Taiwan delegation looks to build tech ties with Latvia, Lithuania amid China tensions
- A six-person delegation from Taipei is exchanging ideas this week with education and technology officials from the two Baltic states
- Analyst says Taiwan is trying to expand international influence in terms of technology by helping small or developing countries
A delegation from Taiwan - a global manufacturer of IT components - is visiting Latvia and Lithuania this week to discuss technology cooperation amid rising tensions with China.
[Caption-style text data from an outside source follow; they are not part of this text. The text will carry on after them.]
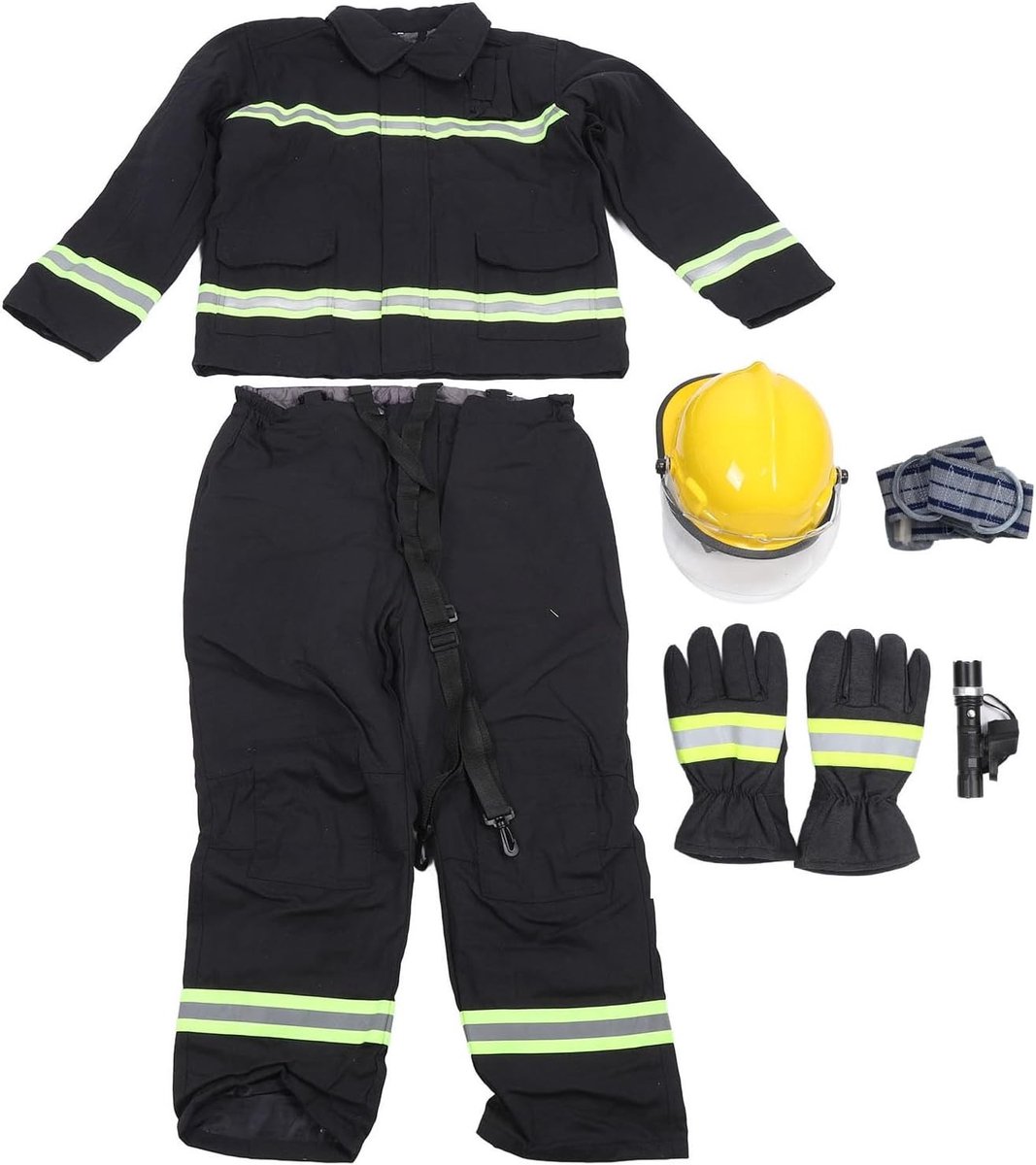 Vlamvertragend veiligheidskostuum van katoen en nylon met reflecterende strips voor optimale bescherming en zichtbaarheid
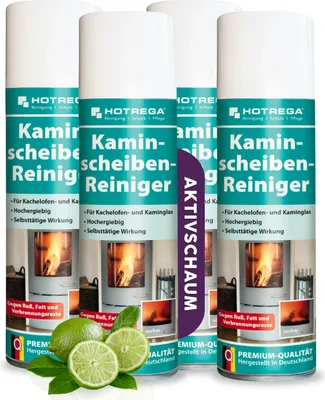 Produktbild von HOTREGA Kaminscheiben Reiniger 300ml Set mühelos Ruß vom Kaminglas entfernen Kachelofen Scheibe reinigen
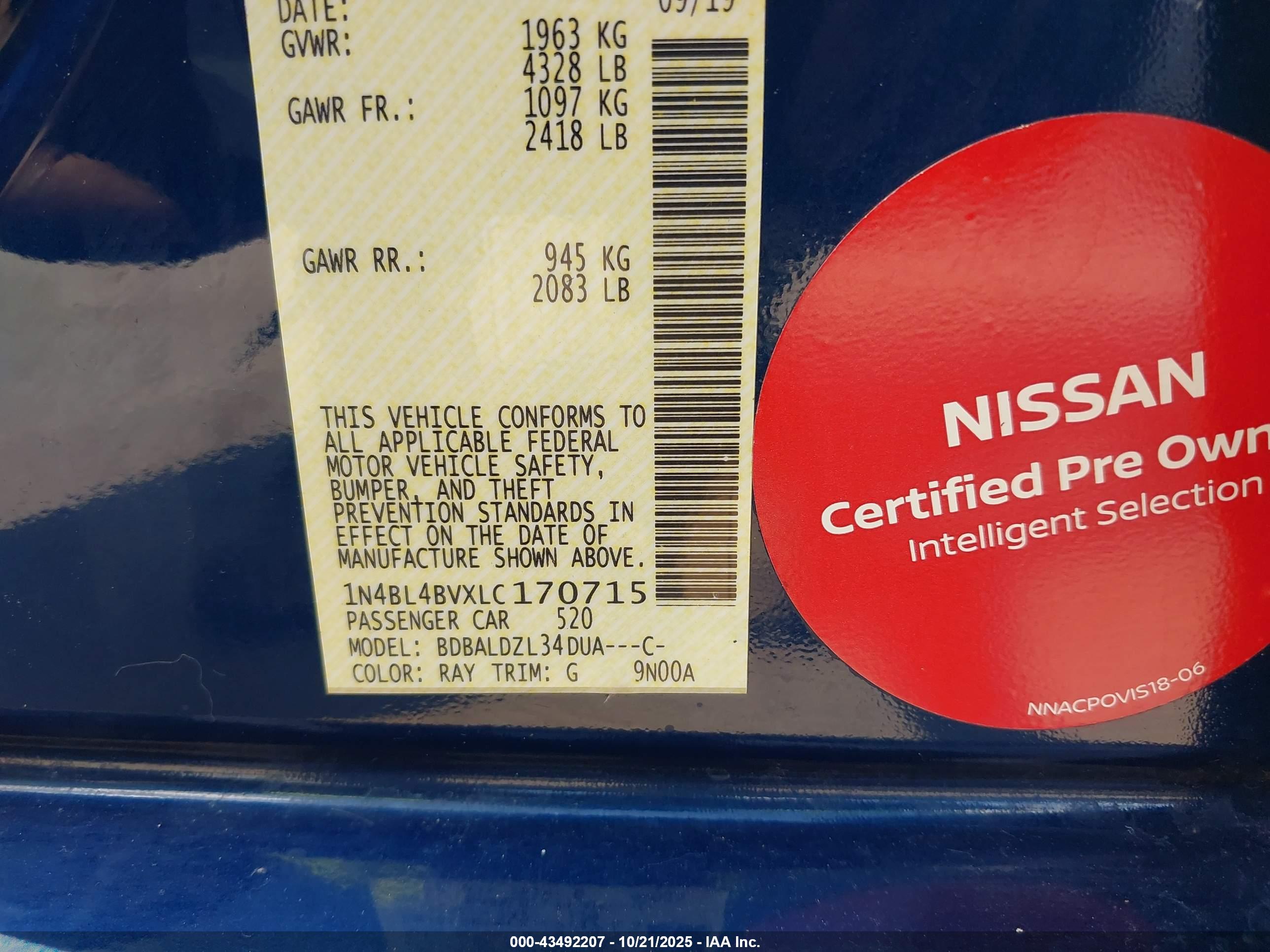 NISSAN ALTIMA image 9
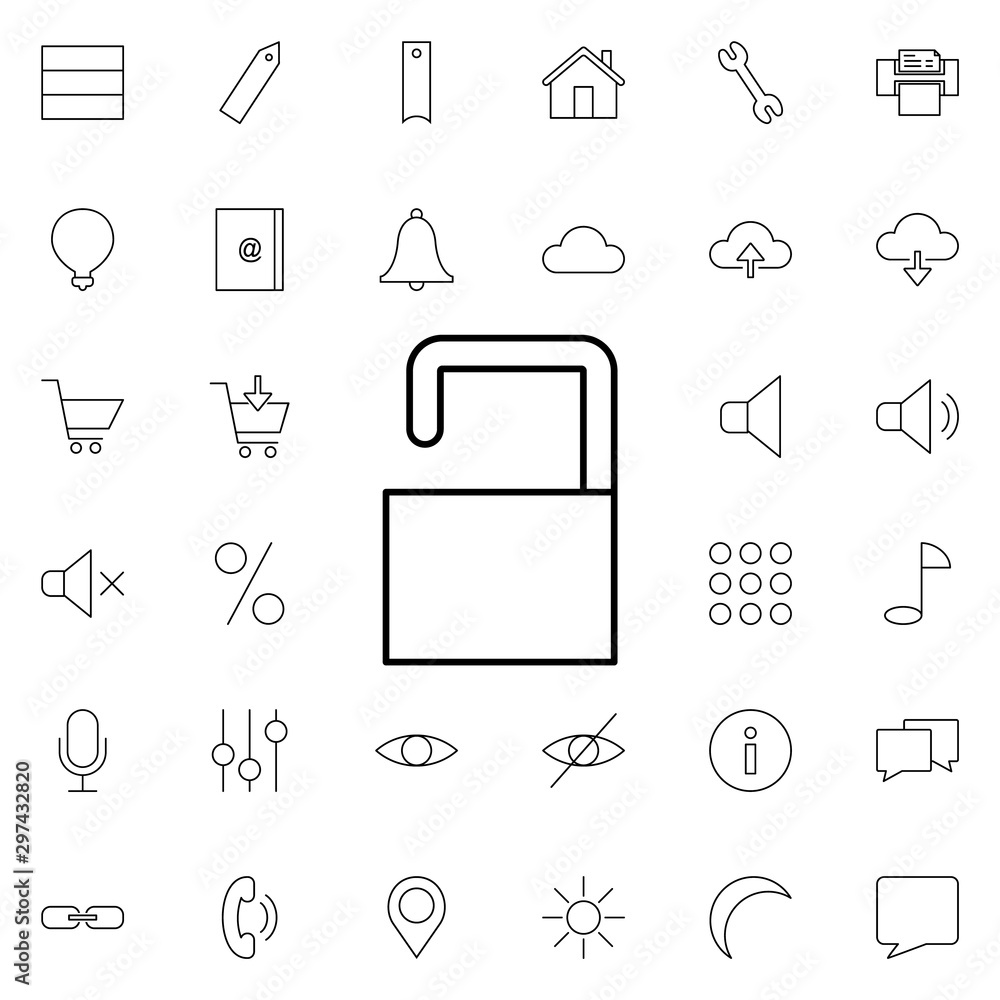 Poster open lock neon icon. elements of web set. simple icon for websites, web design, mobile app, info gra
Lin Minn-tsong, the deputy minister of the island’s National Science and Technology Council, attended a conference in Latvia’s capital Riga with officials from the two Baltic states, part of a five-day trip that ends Friday.
Taiwan’s tech prowess gives it an opening to improve relations abroad, experts say. Many European countries need the chips and other tech hardware that Taiwan produces.
The six-person delegation from Taipei is exchanging ideas this week with education and technology officials from the two Baltic states about “tech policy” and “key points for future cooperation”, the Council said in a statement. The delegates visited Latvia on Monday and Tuesday, with Lithuania on their agenda for the rest of the week.
Taiwan, Latvia and Lithuania have met periodically since 2000 and agreed to more than 60 joint projects, Taiwanese officials said earlier in the year.
Lithuanian start-up NanoAvionics, for example, signed a memorandum of understanding with the Taiwan National Space Organization in October last year to provide expertise in manufacturing small satellites.
Thin-disk laser technology co-developed by Lithuania and Taiwan’s National Sun Yat-sen University recently received certification, the Council said in its statement this week. Lithuanian industry’s use of the technology, seen as an advantage for certain types of manufacturing, is “top in the world”, the statement said.
Jovita Neliupsiene, vice-minister of the Lithuanian Ministry of the Economy and Innovation, anticipates expanding cooperation with Taiwan on semiconductors, government-funded media in Taiwan said earlier this year.
Taiwan is “trying to expand its international influence in terms of technology” by helping small or developing countries build “foundations”, said Chen Yi-fan, assistant professor of diplomacy and international relations at Tamkang University near Taipei.
In early October, Chen noted, entrepreneurs and officials from Taiwan spoke with counterparts from Brazil about stimulating the South American country’s nascent chip sector.
Taiwan can offer more than chips, said Liang Kuo-yuan, the retired founder of the Yuanta-Polaris Research Institute, a Taipei-based think tank. The island’s whole information communications technology supply chain is “complete”, he said.
Taiwan should aim its tech diplomacy foremost at bigger countries such as Japan and the United States, Liang said, but “the more connections the better”.
Mainland Chinese officials will see Taiwan’s pursuit of technology ties overseas as a relatively low-level type of exchange and temper any reaction to this week’s visit to the Baltic states, analysts said.
But they still expect Beijing to react. “China will not be quiet,” Chen said.